The film will be shown Sunday afternoon, Oct. 26, at Chabad of Western Monmouth County in Manalapan. 

Stateless was an official selection of the Boston Jewish Film Festival and has been widely praised.

Les Zeltserman of Tablet magazine described it as “a powerful, moving portrayal of what is, for many of us, the most important event of our lives.”

“No one had ever asked about the process, then along came Michael. This film is as close as I’ve ever seen to what actually happened,” said David Harris, executive director of the American Jewish Committee.

At the Chabad showing, Drob will introduce the film and take questions from the audience.

In 1989, Drob said, Sen.
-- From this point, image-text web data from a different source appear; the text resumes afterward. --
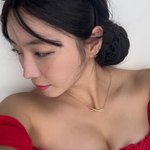 '아찔한 트임 비키니' 치어리더 안지현, 시선 강탈하는 볼륨감+미모...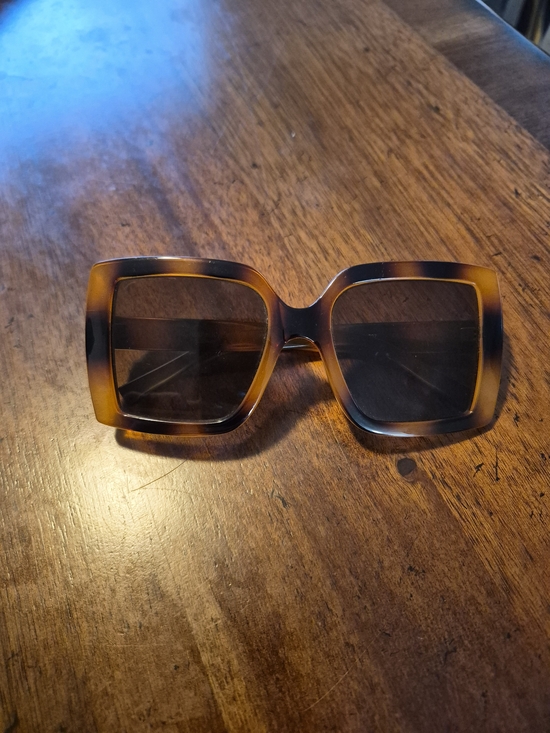 Kendall & Kylie Accessories - Tortoiseshell Oversized Square Women's Sunglasses - Brown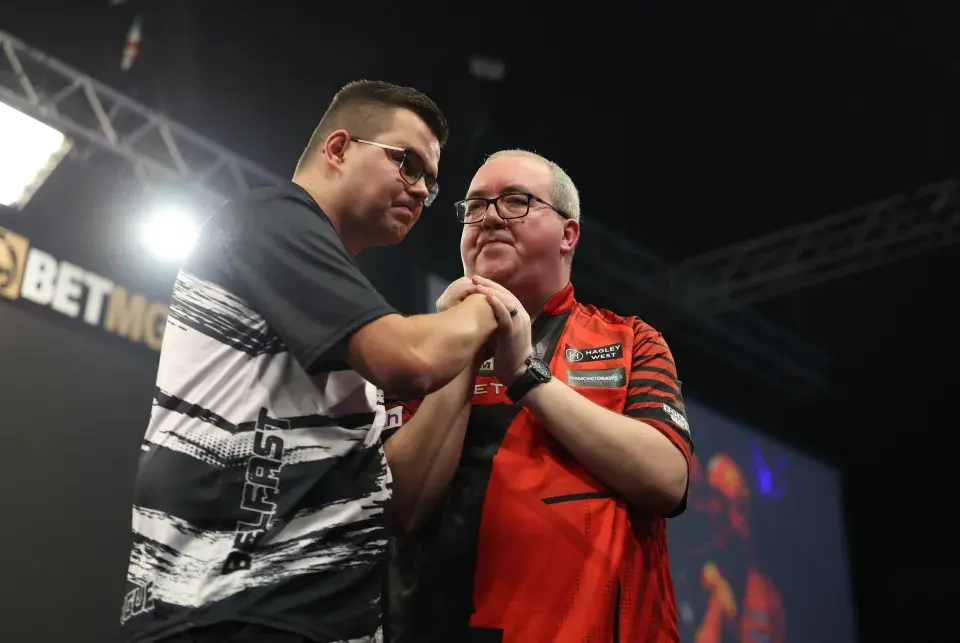 Gian van Veen congratulating Stephen Bunting after Night 4 victory in Belfast in the final of the Premier League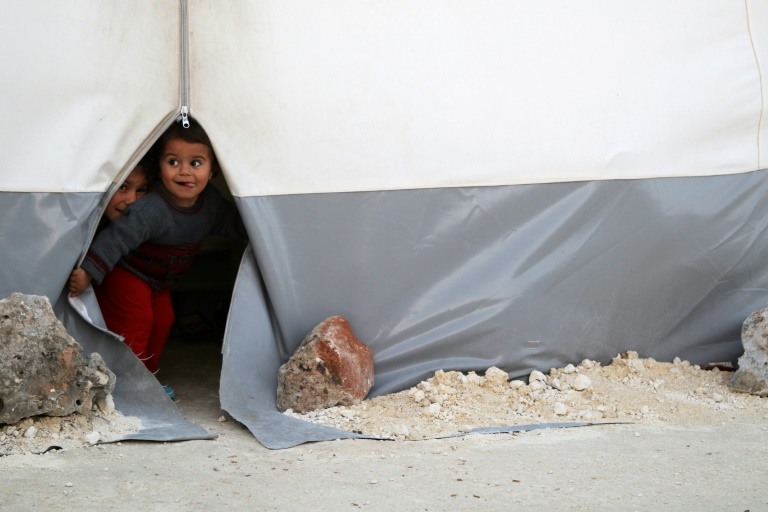منظمات تحذر من تأثير القيود المصرفية على تمويل المساعدات للسوريين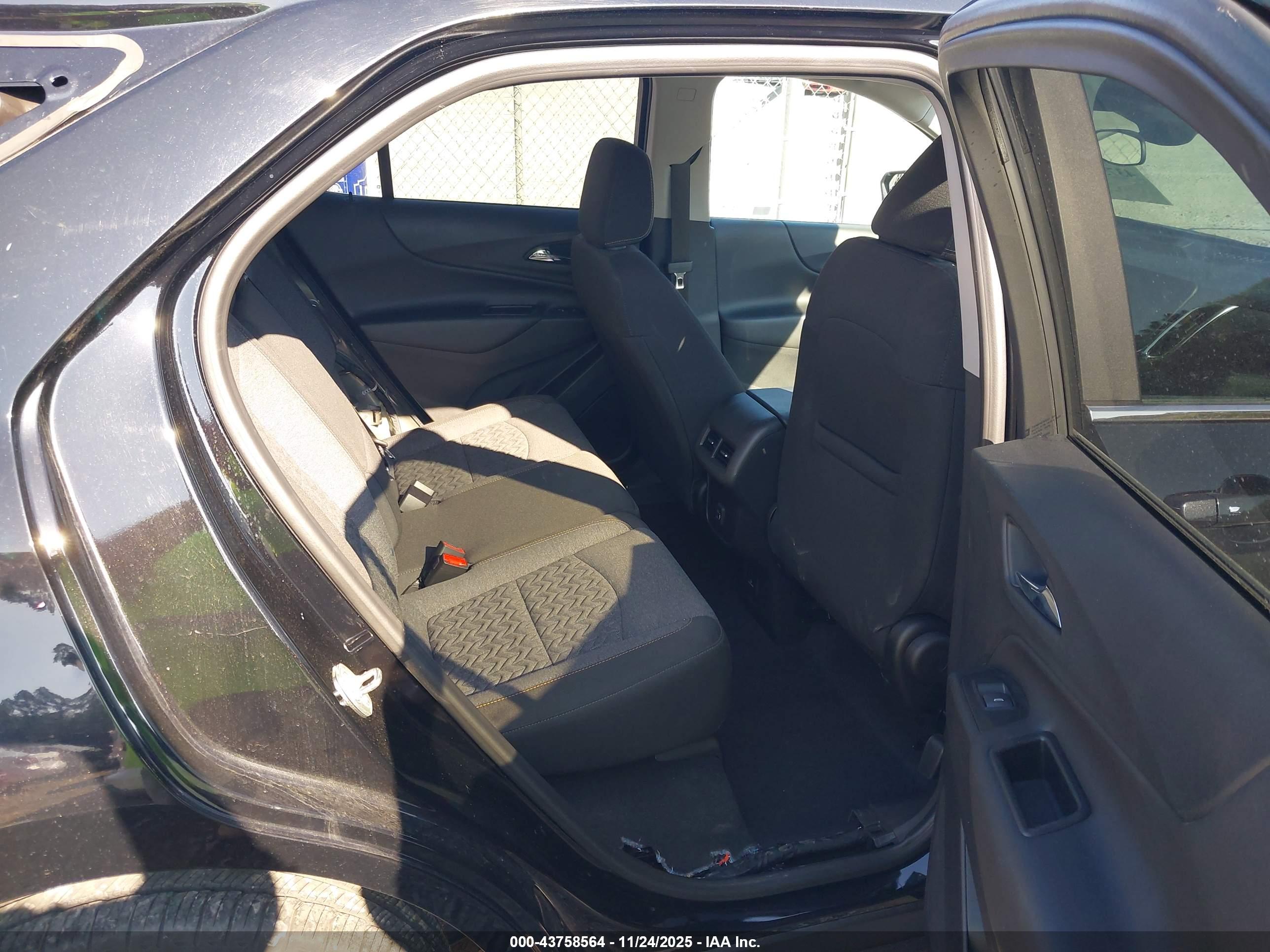 CHEVROLET EQUINOX image 8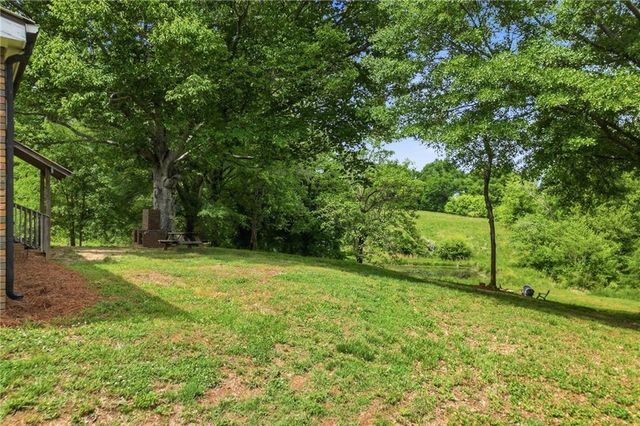174 Old Ballground Road, Canton, GA 30115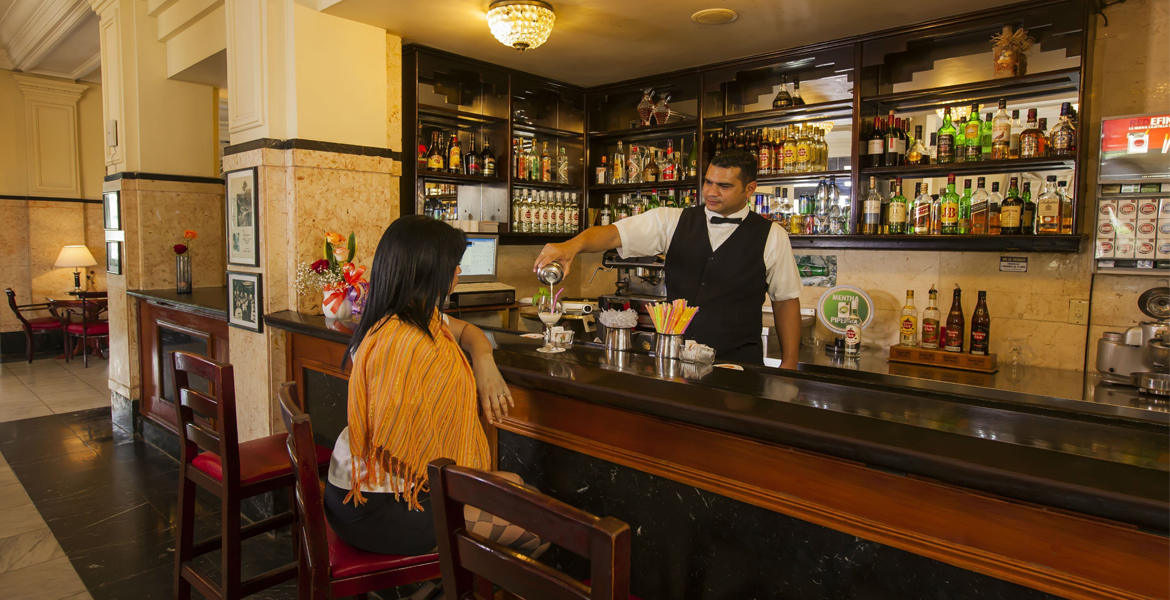 bar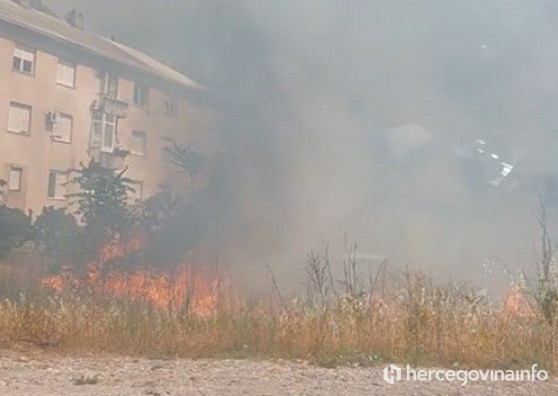 Mostar upozorava građane: Povećan je rizik od požara, zabranjeno loženje vatre na otvorenom prostoru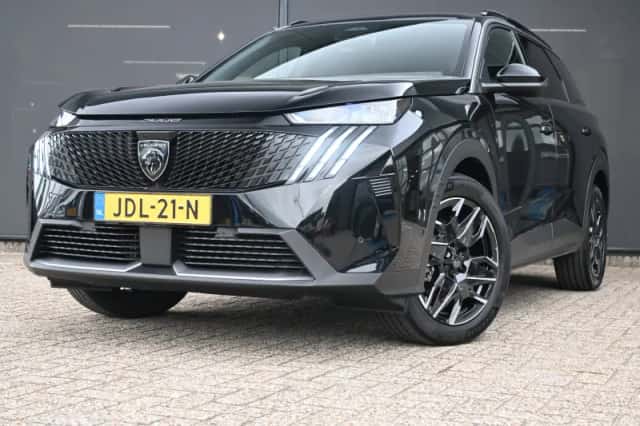 Peugeot 5008 (2025) thumbnail 1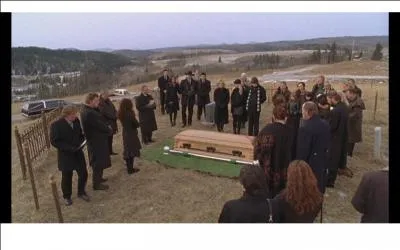 Durant l'enterrement de Marion, Lou raconte une anecdote ; sur quoi porte-t-elle ?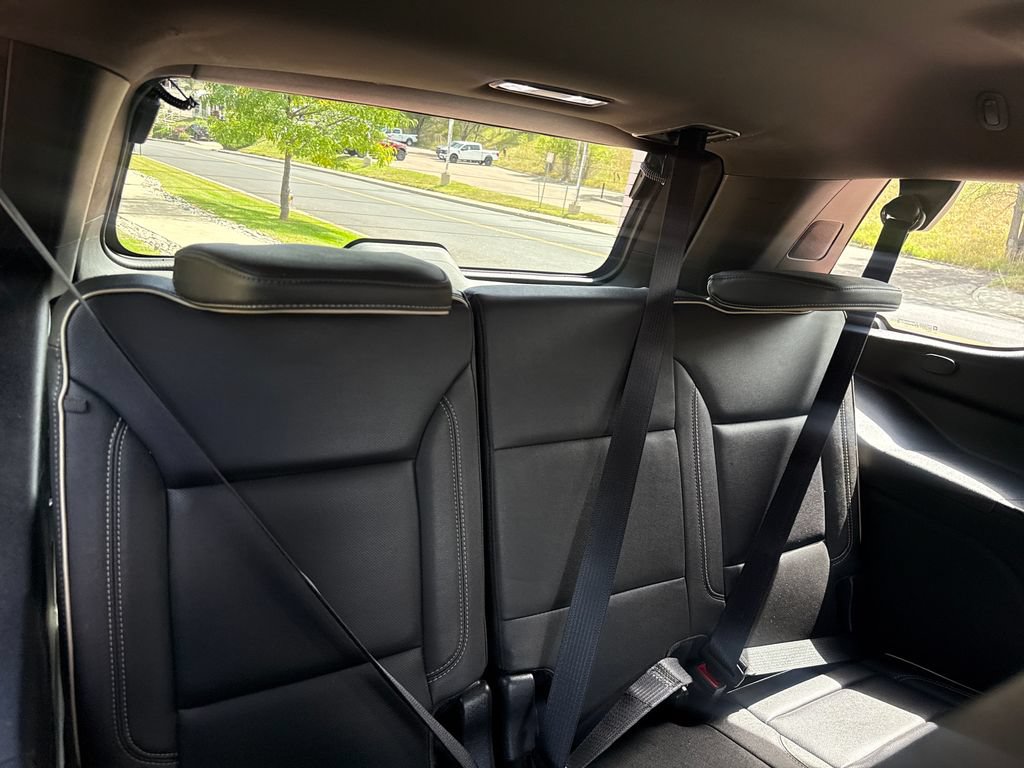 Used 2023 GMC Yukon SLT w/ SLT Luxury Package AWD/4WD image 29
Frank Lautenberg (D-NJ) spearheaded passage of an amendment that changed the criteria on which would-be immigrants to the United States were classified as “refugees.”

“Before the amendment, families claiming refugee status had to prove a well-founded fear of persecution on the basis of race, religion, nationality, membership in a social group, or political opinion, and they had to do this on a case-by-case basis,” said Drob. This was a slow, laborious process at best and often led to heartbreak when applicants could not obtain entry — sometimes due to inconsistent decisions by Department of Immigration employees.

Under the Lautenberg amendment, said the filmmaker, a group of people such as the Soviet Jews could be considered as a class that had historically been subjected to persecution and, therefore, was recognized as deserving refugee consideration. 

“This is my first feature-length film,” Drob told NJJN in a phone interview. “I worked on it for more than a year, but I never did get a definitive answer on why visas weren’t being issued. I did, however, learn what finally broke up the logjam and enabled our admission to the United States.”